# Would it be true if I said that the image of x is contained in f(X)?

1. Oct 19, 2011

### amanda_ou812

1. The problem statement, all variables and given/known data

Let (X,d) and (Y, p) be metric spaces and f : X -> Y a function. Prove that f is continuous at p-0 if and only if for every ε > 0, there exists a δ > 0 so that the image of Bd(p-0; δ) is contained in Bp( f (p-0);ε).

2. Relevant equations

3. The attempt at a solution
For the forward implication, I feel like I am almost there.

The statement f is continuous at p-0 implies for every e>0 there is a delta>0 so that when d(p, p-0)< delta this implies p( f(p), f(p-0))<e. But d(p, p-0)< delta implies x is contained in B (sub d) (p-0; delta) and p( f(p), f(p-0))<e implies f(p) is contained in B (sub p) (f(p-0); e).
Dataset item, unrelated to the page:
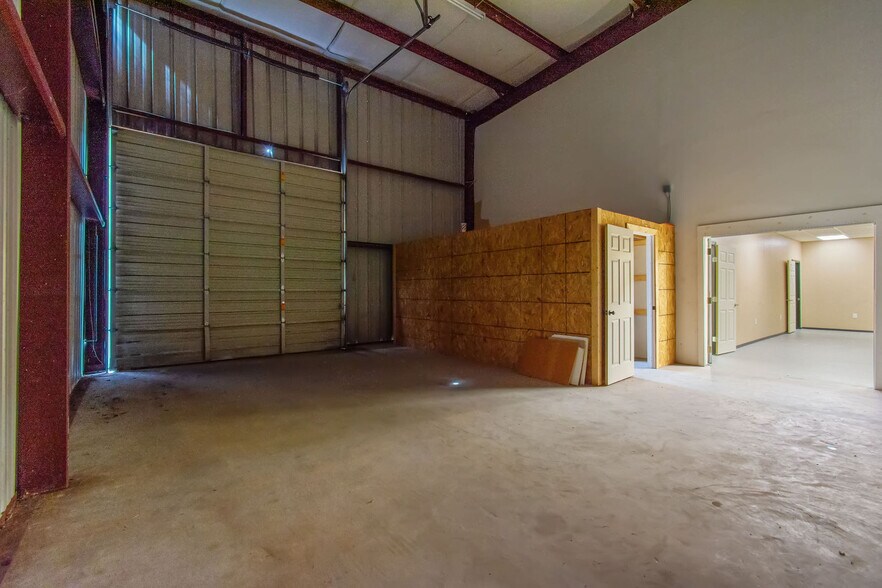 More Photos Of 21755 N I-45 Fwy, Spring Flex For Sale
Here is where I would like to say that notice that the image of x is contained in f(x). Then I can conclude that the image of B (sub d) is contained in B (sub p)

Then, I was going to reverse it for the other implication.

2. Oct 19, 2011

### HallsofIvy

For any set X, the "image of x" is defined as the set of all y such that y= f(x) for all x in X. Normally, we use the notation f(X) to mean the "image of x". So the image of x is not just "contained in" fix), it is f(x).